(Short descriptive text snippets)
· · · · ·

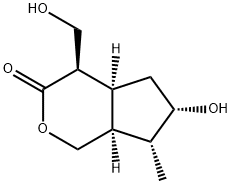 (4R,4AS,6S,7R,7AS)-六氢-6-羟基-4-(羟基甲基)-7-甲基环戊并[C]吡喃-3(1H)-酮 结构式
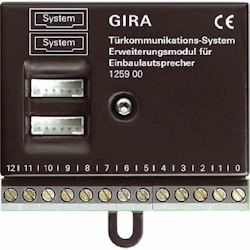 Gira Türko Lautsprecher, Außenstation, schwarz, 125900 Image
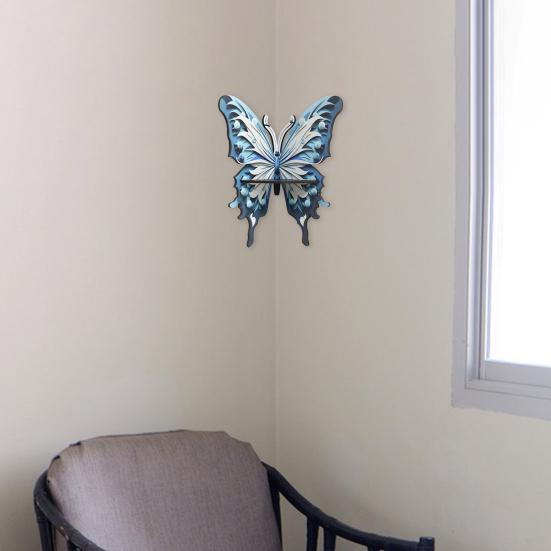 Угловая полка из искусственного хрусталя с бабочкой, деревянная настенная плавающая полка для гостиной, прочная каменная витрина для хранения свечей, украшение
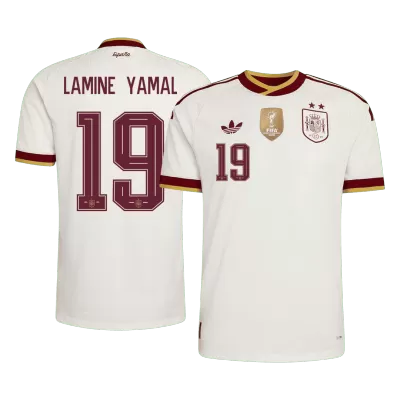 Spain LAMINE YAMAL #19 Champion Edition Away Soccer Match Jersey World Cup 2026 - Pro Jersey Shop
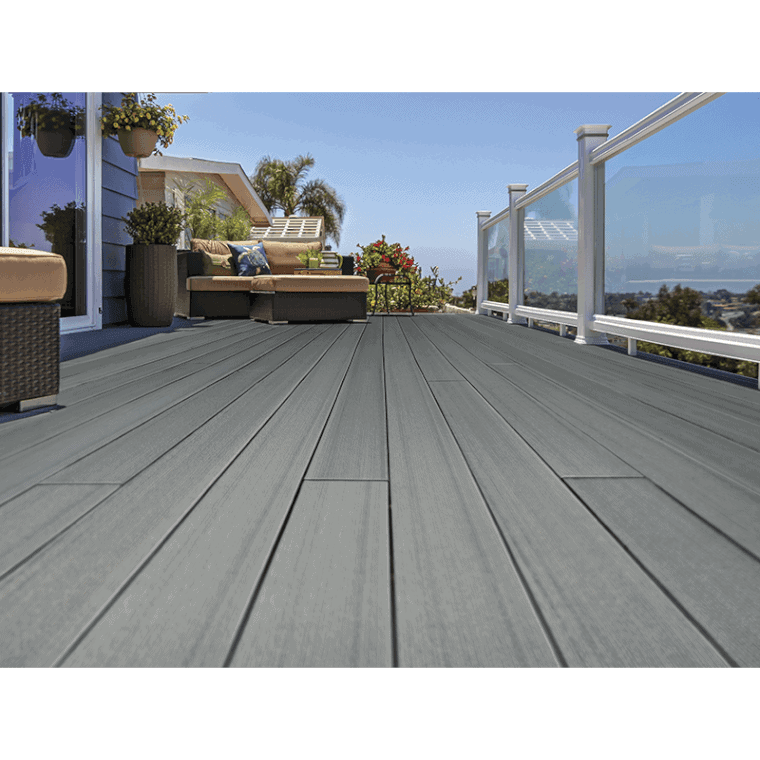 Echantillon - TimberTech - Collection Edge Prime Plus - Sea Salt Gray - PurPatio.ca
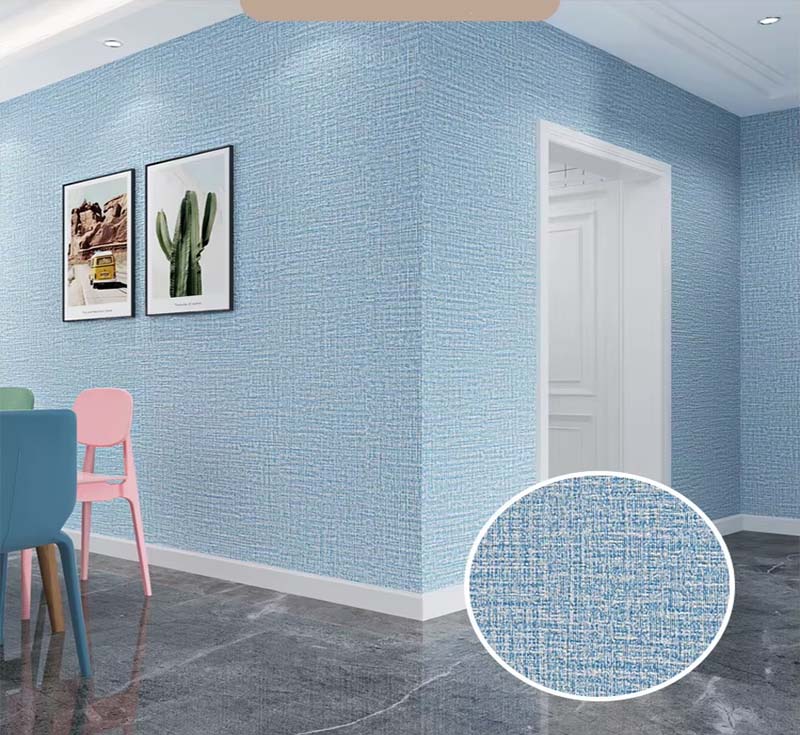 Linen Wall Stickers for Rental Renovation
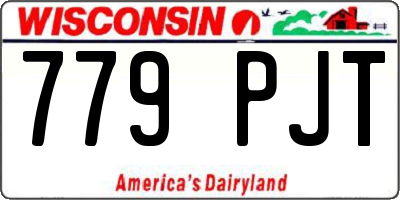 WI license plate 779PJT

· · · · ·

*Activity*: What's needed is an exact copy of every entry, free of pictures.

*Written answer*:
 (4R,4AS,6S,7R,7AS)-六氢-6-羟基-4-(羟基甲基)-7-甲基环戊并[C]吡喃-3(1H)-酮 结构式
 Gira Türko Lautsprecher, Außenstation, schwarz, 125900 Image
 Угловая полка из искусственного хрусталя с бабочкой, деревянная настенная плавающая полка для гостиной, прочная каменная витрина для хранения свечей, украшение
 Spain LAMINE YAMAL #19 Champion Edition Away Soccer Match Jersey World Cup 2026 - Pro Jersey Shop
 Echantillon - TimberTech - Collection Edge Prime Plus - Sea Salt Gray - PurPatio.ca
 Linen Wall Stickers for Rental Renovation
 WI license plate 779PJT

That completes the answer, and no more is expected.